Who can say no to a $2,000 retainer?

Well, apparently Mike Carter can. He’s got better things to do, like spending time with his cute blond fiancée, Doris Brewster (Priscilla Lane, in her final film role), and playing the ponies down at the track.

But when Mike is framed for murder, he’s forced to get into the action. What do Mrs. Dysen and her meat-packing plant have to do with the murder Mike’s been framed for? And was the accidental death of a plant inspector really accidental?

One thing I love is when a B movie gives its peripheral characters interesting lives that in no way advance the plot. For instance, Bodyguard features a scene in an arcade where Mike tries to get the counter girl’s attention as she chats with a couple of sailors. He doesn’t succeed for awhile, and when he finally does, one of the sailors tries to start a fight with him. Bodyguard runs for barely longer than an hour, and has a dense, twisty plot, but it still finds time for entertaining little moments like that.

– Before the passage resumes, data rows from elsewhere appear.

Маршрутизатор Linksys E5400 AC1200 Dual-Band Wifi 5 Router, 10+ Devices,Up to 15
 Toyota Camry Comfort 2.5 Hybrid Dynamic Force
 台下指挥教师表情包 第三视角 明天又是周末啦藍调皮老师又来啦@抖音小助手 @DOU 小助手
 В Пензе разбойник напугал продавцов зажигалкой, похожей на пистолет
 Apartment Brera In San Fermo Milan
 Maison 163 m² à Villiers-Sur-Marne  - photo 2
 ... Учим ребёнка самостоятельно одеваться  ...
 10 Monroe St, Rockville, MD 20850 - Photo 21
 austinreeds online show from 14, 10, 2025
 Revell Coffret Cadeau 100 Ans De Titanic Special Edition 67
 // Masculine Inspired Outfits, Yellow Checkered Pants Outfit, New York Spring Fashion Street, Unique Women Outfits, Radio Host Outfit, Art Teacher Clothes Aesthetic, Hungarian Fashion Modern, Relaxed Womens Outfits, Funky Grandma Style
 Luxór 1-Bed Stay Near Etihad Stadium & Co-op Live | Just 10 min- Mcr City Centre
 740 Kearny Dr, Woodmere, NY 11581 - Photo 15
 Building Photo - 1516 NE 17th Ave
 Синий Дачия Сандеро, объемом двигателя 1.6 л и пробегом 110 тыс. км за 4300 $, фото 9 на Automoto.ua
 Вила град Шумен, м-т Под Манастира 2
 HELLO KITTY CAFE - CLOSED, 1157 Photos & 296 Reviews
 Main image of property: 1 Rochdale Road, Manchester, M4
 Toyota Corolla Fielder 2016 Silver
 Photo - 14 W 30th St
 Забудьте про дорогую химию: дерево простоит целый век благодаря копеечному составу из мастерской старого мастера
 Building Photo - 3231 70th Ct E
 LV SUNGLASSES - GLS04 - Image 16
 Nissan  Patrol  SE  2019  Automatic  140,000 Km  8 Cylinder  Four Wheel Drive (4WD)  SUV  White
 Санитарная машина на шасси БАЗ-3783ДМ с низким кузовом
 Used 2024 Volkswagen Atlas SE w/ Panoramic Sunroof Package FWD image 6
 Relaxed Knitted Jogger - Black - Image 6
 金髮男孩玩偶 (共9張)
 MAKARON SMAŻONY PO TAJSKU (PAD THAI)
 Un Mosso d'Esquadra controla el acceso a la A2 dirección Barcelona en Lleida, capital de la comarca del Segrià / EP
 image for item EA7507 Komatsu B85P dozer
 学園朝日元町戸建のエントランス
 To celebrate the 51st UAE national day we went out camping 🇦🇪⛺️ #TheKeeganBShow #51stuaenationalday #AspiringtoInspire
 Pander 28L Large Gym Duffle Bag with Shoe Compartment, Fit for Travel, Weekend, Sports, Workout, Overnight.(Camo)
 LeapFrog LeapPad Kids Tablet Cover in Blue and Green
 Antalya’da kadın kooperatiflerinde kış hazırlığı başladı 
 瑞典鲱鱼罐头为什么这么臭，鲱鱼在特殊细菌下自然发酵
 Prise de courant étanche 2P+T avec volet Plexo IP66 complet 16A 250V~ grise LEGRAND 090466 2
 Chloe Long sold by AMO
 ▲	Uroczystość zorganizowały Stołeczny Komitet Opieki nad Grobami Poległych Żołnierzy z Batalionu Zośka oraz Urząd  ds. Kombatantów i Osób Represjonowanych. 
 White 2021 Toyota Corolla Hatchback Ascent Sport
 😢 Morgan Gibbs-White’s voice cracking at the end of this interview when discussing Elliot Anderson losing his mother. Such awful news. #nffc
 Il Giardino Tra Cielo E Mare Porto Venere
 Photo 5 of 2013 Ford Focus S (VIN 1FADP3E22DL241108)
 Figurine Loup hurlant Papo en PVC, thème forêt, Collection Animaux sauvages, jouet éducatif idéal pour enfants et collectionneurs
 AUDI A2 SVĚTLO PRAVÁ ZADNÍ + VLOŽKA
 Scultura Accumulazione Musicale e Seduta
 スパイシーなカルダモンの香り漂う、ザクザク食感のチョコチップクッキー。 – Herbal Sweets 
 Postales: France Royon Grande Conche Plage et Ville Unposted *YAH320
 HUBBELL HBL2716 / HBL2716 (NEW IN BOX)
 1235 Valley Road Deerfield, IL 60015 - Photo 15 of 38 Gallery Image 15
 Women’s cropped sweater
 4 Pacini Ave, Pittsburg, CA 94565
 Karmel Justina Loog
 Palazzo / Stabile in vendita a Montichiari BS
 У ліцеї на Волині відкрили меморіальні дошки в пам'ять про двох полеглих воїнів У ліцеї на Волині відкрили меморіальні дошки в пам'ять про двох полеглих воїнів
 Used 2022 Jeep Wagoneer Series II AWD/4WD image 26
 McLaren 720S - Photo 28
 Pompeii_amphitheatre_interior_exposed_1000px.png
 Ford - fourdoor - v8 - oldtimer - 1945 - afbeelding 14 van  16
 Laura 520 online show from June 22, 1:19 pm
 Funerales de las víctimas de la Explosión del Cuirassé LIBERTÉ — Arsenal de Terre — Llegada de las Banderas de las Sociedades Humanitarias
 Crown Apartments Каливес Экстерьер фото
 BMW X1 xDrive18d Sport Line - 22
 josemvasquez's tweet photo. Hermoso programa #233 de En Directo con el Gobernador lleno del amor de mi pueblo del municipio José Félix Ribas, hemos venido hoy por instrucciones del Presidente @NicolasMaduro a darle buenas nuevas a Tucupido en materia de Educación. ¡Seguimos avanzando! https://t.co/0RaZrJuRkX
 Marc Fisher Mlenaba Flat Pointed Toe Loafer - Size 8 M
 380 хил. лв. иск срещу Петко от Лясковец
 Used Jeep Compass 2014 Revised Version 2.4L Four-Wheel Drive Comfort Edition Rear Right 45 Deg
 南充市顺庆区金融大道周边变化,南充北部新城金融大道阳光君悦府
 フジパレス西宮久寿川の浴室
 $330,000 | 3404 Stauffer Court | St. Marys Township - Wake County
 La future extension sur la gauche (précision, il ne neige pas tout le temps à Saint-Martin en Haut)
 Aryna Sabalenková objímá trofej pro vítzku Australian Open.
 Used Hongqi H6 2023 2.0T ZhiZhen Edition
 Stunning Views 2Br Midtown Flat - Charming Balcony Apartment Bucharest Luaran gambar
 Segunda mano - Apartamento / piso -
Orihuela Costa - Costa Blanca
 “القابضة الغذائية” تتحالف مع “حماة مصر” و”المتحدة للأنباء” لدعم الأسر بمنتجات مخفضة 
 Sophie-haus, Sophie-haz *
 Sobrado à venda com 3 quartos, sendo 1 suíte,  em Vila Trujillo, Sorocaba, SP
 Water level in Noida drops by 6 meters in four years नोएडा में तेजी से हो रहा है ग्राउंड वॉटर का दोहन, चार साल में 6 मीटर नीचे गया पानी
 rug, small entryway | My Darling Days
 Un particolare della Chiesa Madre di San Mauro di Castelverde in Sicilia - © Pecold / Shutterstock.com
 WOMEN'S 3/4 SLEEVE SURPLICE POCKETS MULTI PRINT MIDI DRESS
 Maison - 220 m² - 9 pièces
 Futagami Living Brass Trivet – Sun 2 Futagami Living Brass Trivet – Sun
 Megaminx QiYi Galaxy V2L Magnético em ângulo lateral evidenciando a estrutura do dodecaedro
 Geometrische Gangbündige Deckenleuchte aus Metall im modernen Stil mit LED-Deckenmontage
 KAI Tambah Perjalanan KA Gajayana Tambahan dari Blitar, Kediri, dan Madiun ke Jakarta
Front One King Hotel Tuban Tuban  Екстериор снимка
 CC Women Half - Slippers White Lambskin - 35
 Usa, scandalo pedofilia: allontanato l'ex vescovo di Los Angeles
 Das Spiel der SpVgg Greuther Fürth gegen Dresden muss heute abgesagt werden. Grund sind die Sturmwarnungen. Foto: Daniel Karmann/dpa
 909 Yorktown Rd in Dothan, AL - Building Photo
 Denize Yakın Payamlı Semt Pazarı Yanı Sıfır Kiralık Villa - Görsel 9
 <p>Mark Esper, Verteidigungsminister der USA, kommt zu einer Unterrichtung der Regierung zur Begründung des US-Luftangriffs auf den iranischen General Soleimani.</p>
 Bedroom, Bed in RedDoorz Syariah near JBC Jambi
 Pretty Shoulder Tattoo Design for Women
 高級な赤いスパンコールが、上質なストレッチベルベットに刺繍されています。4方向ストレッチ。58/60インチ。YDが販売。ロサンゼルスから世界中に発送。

It also features a ton of location shooting in Los Angeles and great noir cinematography by Robert De Grasse. Bodyguard is unmistakably designed to be the second feature on a double bill, but it’s well-made, well-acted, and holds up as superior entertainment.

The director, Richard Fleischer, had a long career in Hollywood. He was born in 1916 and Bodyguard was only his fourth feature film (he made a number of documentary shorts in the 1940s as well). To put things into perspective, this is the same man who would go on to make The Narrow Margin (1952), 20,000 Leagues Under the Sea (1954), Fantastic Voyage (1966), Soylent Green (1973), Mandingo (1975), and Conan the Destroyer (1984).

Bodyguard is also notable for being the first time acclaimed director Robert Altman got his name in the credits. The screenplay is credited to Fred Niblo Jr. and Harry Essex, and the story is credited to George W. George and Robert B. Altman.*

Tierney

*Altman also worked on the script for Edwin L. Marin’s Christmas Eve (1947), which starred George Raft, but Altman’s name didn’t appear in the credits.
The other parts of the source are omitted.